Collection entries
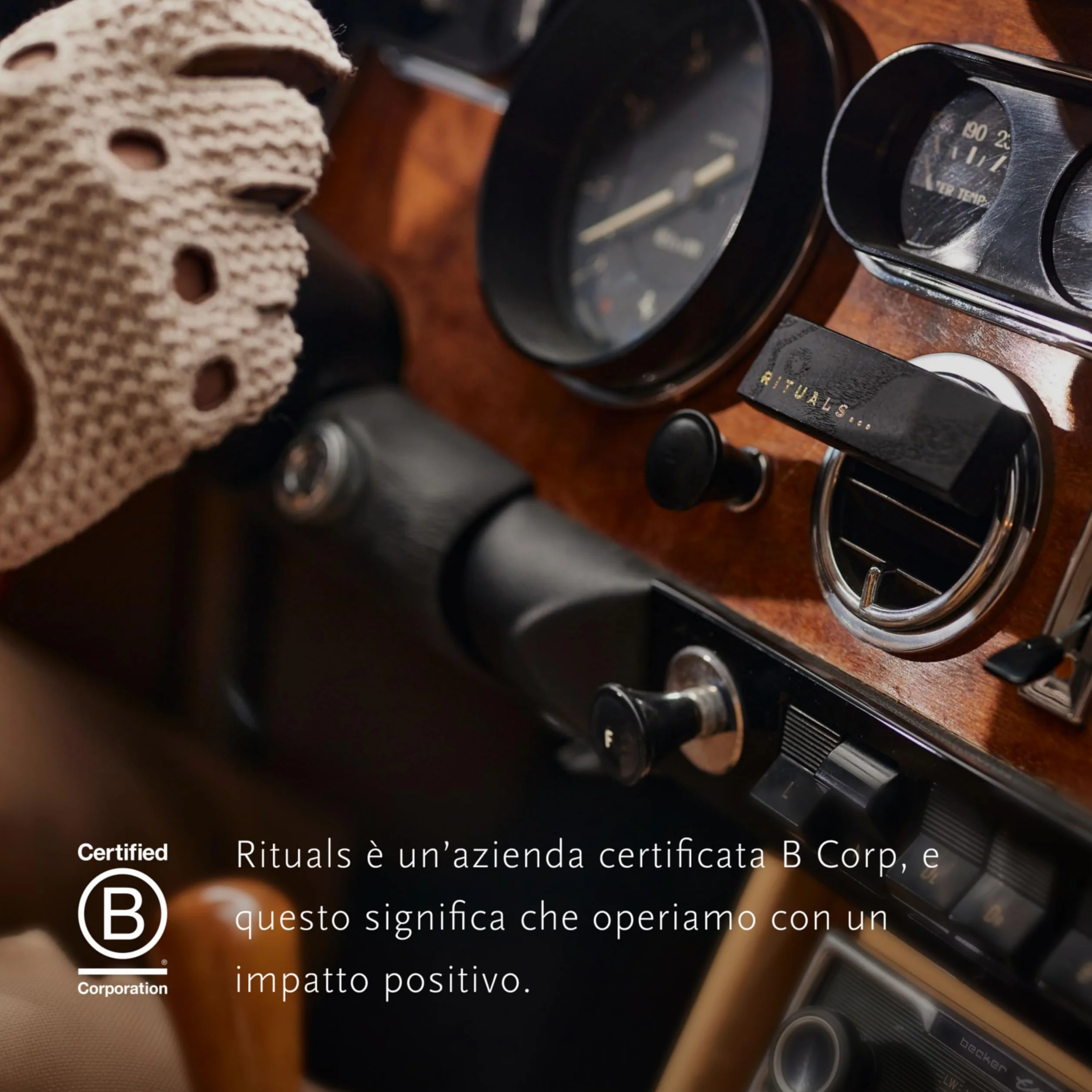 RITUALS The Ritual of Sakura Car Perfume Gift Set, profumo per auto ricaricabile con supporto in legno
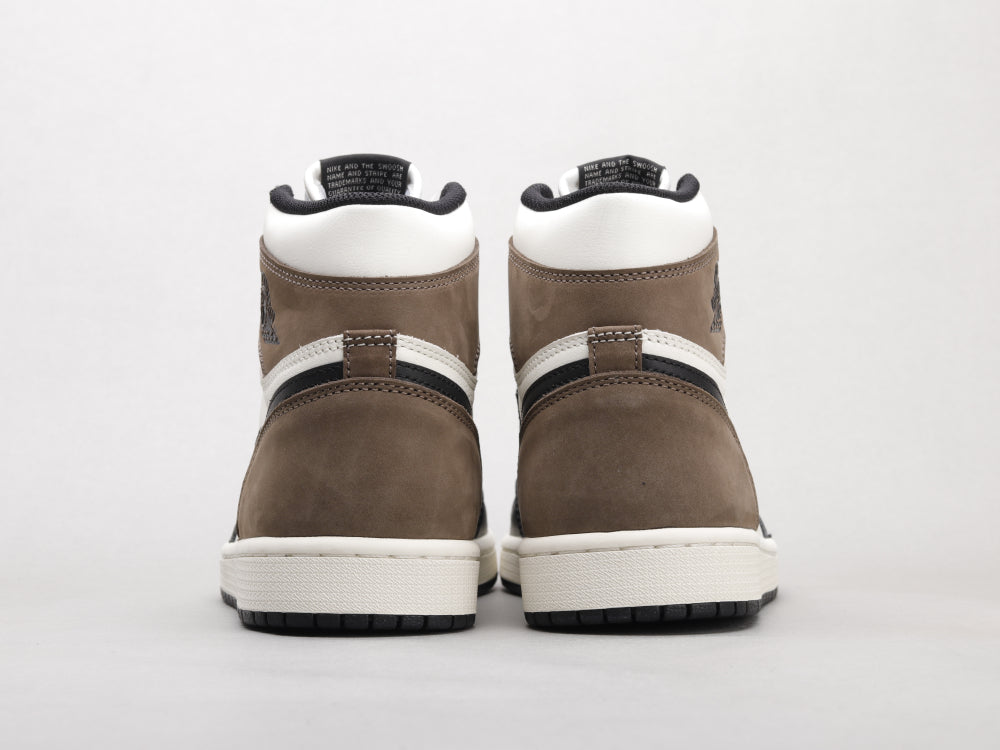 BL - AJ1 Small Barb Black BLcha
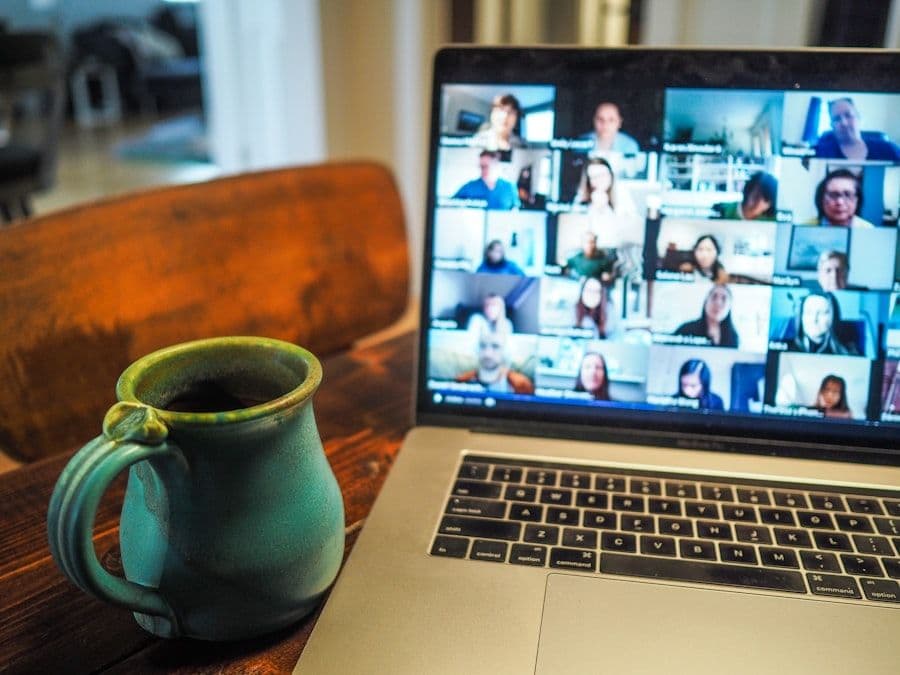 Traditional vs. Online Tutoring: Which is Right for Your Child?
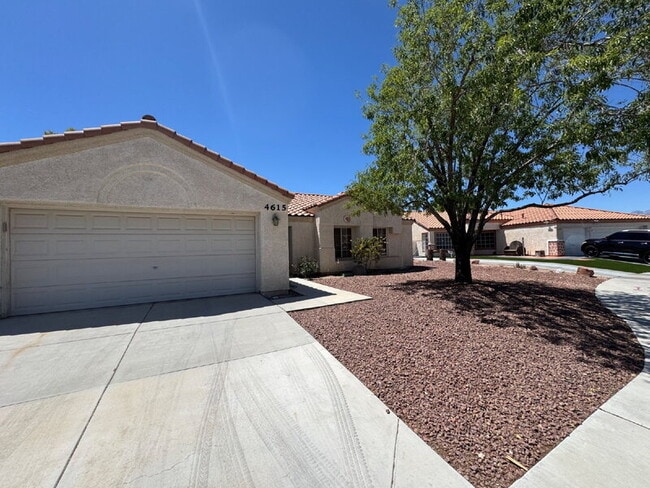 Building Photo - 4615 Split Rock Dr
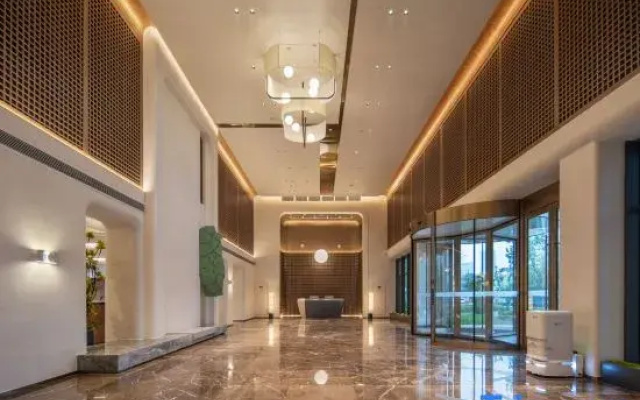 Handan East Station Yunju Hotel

*Exercise:*
Return the records above exactly as written. Do not include their images.

*Written response:*
 RITUALS The Ritual of Sakura Car Perfume Gift Set, profumo per auto ricaricabile con supporto in legno
 BL - AJ1 Small Barb Black BLcha
 Traditional vs. Online Tutoring: Which is Right for Your Child?
 Building Photo - 4615 Split Rock Dr
 Handan East Station Yunju Hotel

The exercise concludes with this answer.